● The task:
In the entries below, find the line with "The men and" and the line with "Prodej rodinného domu, Veltrusy, Lomená, 118"; give again those lines and every line between them, exactly.

● Material for this task:
....

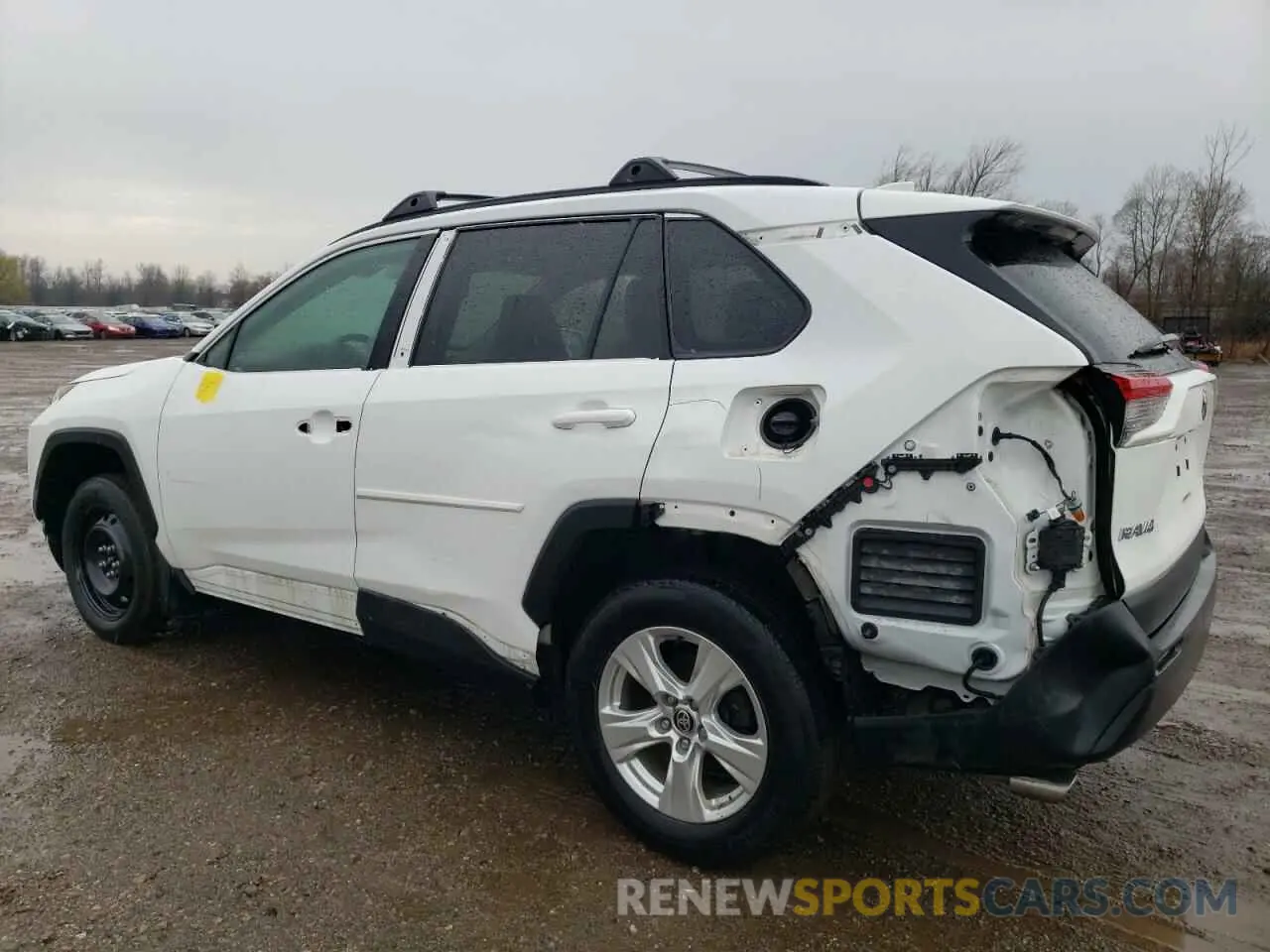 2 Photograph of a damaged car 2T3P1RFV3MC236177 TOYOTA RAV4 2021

....

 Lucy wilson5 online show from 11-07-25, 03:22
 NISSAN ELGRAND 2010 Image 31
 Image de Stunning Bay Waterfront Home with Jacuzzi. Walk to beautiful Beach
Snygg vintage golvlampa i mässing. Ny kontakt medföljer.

....

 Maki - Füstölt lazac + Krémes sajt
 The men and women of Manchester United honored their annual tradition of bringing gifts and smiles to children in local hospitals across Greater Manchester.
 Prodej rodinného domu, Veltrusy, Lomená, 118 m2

....

● Answer for the task:
 The men and women of Manchester United honored their annual tradition of bringing gifts and smiles to children in local hospitals across Greater Manchester.
 Prodej rodinného domu, Veltrusy, Lomená, 118 m2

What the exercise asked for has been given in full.